Choose Add VPC Connection.
Provide the VPC ID, subnet ID, and security group ID you created earlier.
You can leave DNS resolver endpoints empty unless you have a private DNS deployment in the VPC.

You have now enabled QuickSight to access a subnet in your VPC. The following diagram shows the infrastructure you deployed.

Quicksight-ENI-VPC-Deployment

Set up the data source infrastructure

You can choose from multiple possible deployment models when connecting Amazon Redshift or Amazon RDS. In the following sections, we walk you through how you can achieve each solution and when to use each one. For the rest of this post, we refer to Amazon Redshift and Amazon RDS as the data source.

VPC peering

A VPC peering connection is a networking connection between two VPCs that enables you to route traffic between them using private addresses. Instances in either VPC can communicate with each other as if they’re within the same network. This model is suitable for when the two accounts aren’t in the same AWS Organizations organization or Region, or are in the same organization but there is no AWS Transit Gateway attachment to the data source VPC. In this section, we create a network path between the QuickSight VPC and the data source VPC.

Create a VPC peering between the two VPCs. For instructions, see Creating and accepting a VPC peering connection.
To use the hostname of the data source, you need to enable the DNS resolution for the peering connection at the requester and accepter of the peering connection. The DNS resolution must also be enabled at bot VPCs for this to work.

Run the following commands to enable the DNS resolution (depending on which account or Region the peering connection is initiated in, you need to run one command in the requester account or Region and the other in the accepter account or Region)

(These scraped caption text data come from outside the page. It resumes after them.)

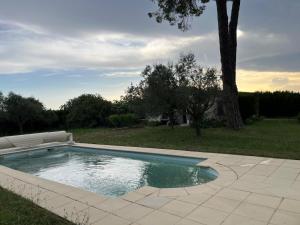 a swimming pool in a yard with a tree at Maison familiale avec Mazet et grande piscine Uzès in Uzès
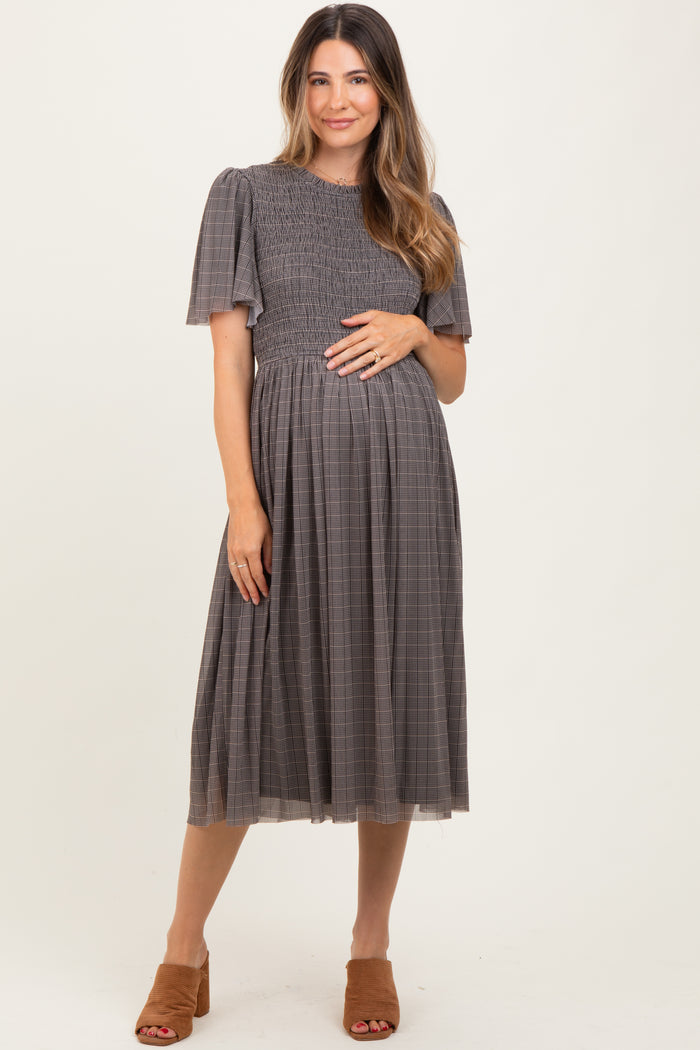 woman wearing a gray checkered maternity dress with short sleeves and a smocked bodice, holding her baby bump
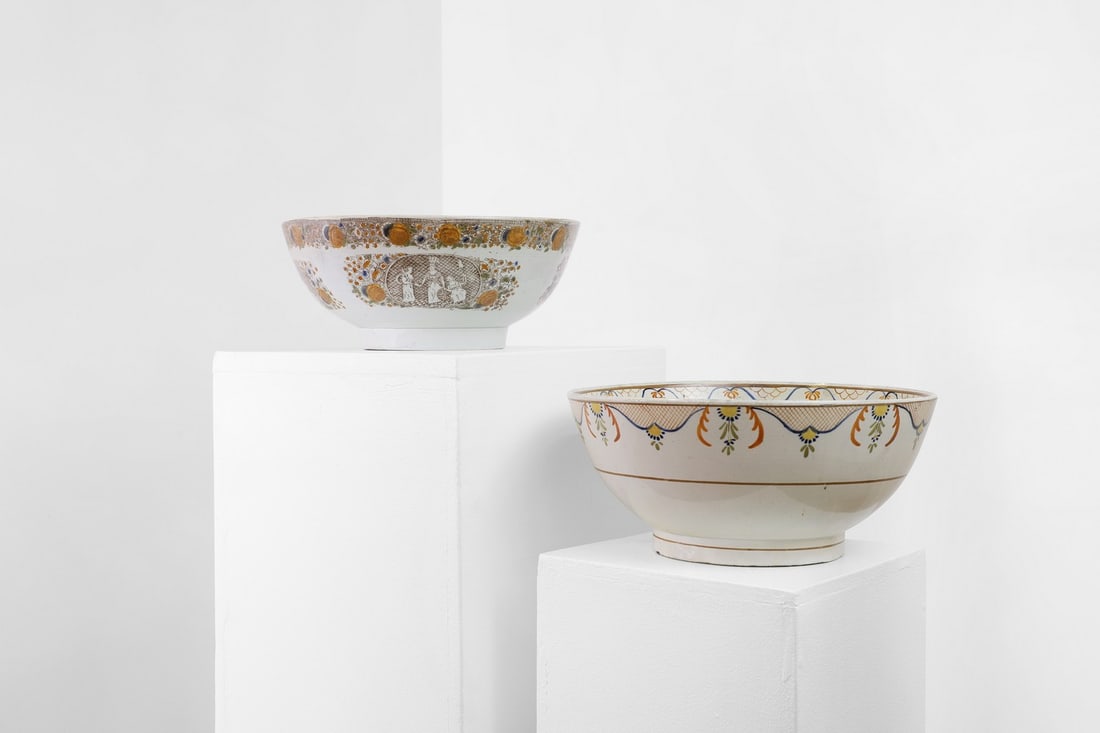 Two delftware tin-glazed earthenware punchbowls,: Two delftware tin-glazed earthenware punchbowls, early-mid 19th century, English, one decorated in predominantly blues and oranges, inscribed to the centre 'Mr Robert Smith/see Toun Carnbulge', 29cm w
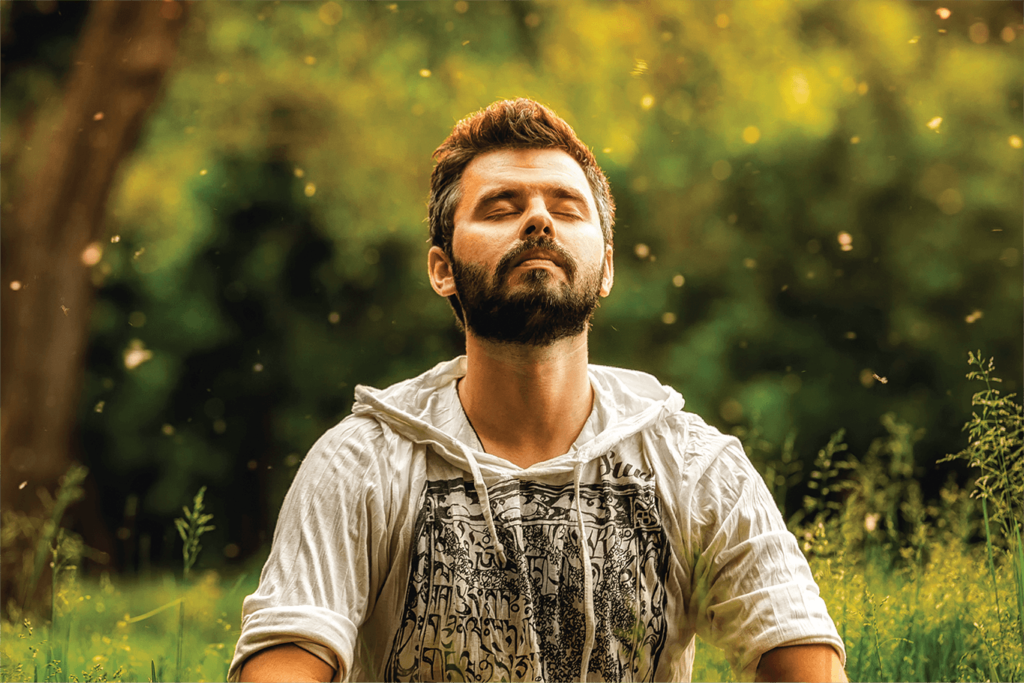 Man Meditating Outdoors | Veritas Farms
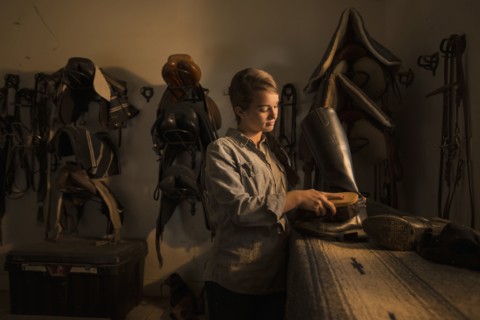 Caucasian girl caring for boots in horse stable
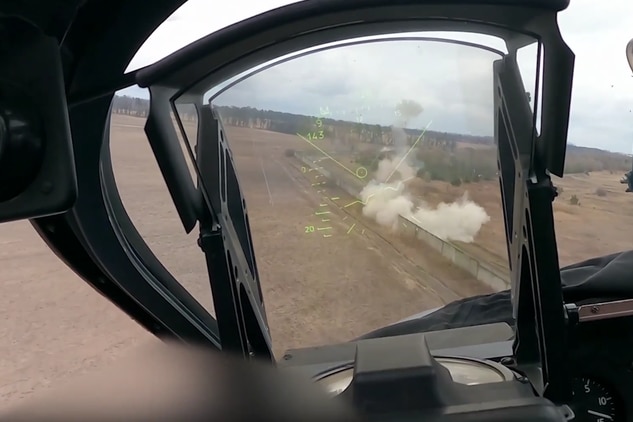 A puff of smoke can be seen through the window of a helicopter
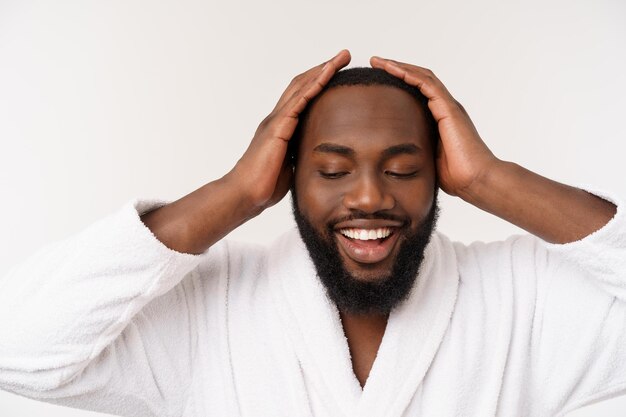 Homem afro-americano vestindo um roupão de banho com surpresa e emoção feliz isolado sobre fundo branco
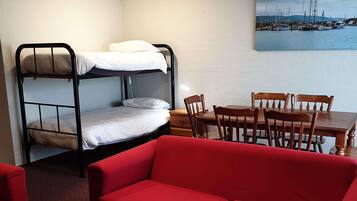 A room with a bunk bed, a wooden dining table with chairs, and a red sofa.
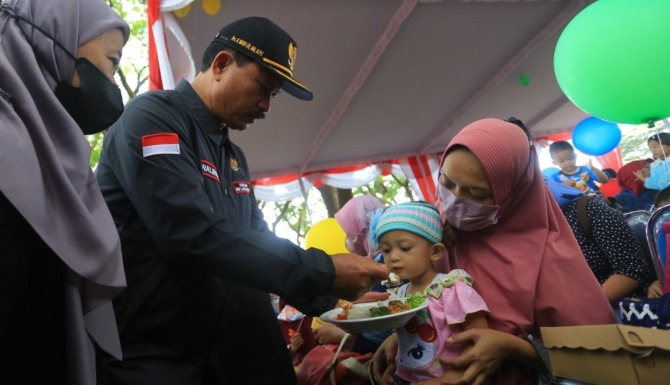 DEMI GENERASI: Wali Kota Madiun Maidi menyuapi anak stunting usai me-launching program Warung Stop Stunting di Ngrowo Bening Edupark kemarin. (BAGAS BIMANTARA/JAWA POS RADAR MADIUN)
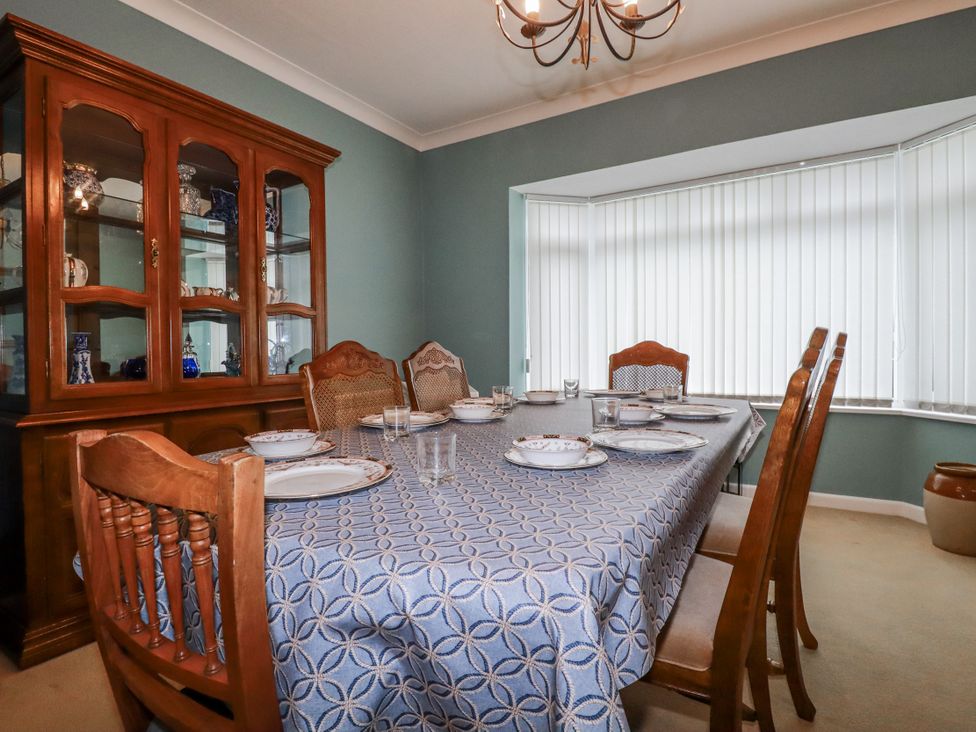 A dining room with a table set for a meal at Pipers Newquay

aws ec2 modify-vpc-peering-connection-options \
    --vpc-peering-connection-id your peering connection id \
    --accepter-peering-connection-options \ 
'{"AllowDnsResolutionFromRemoteVpc":true}'

aws ec2 modify-vpc-peering-connection-options \
    --vpc-peering-connection-id your peering connection id \
    --requester-peering-connection-options \ 
'{"AllowDnsResolutionFromRemoteVpc":true}'

Update the route tables in both the QuickSight VPC and data source VPC to route network traffic between them:

aws ec2 create-route \
    --route-table-id amazon quicksight subnet route table id\
    --destination-cidr-block data source vpc cidr \
    --vpc-peering-connection-id the id of the peering you created above

aws ec2 create-route \
    --route-table-id data source subnet route table id\
    --destination-cidr-block quicksight vpc cidr \
    --vpc-peering-connection-id the id of the peering you created above

Finally, you update the security groups for both QuickSight and the data source to allow traffic. If both VPCs are in the same Region, you can reference the security group instead of the CIDR of either data source or the QuickSight subnet.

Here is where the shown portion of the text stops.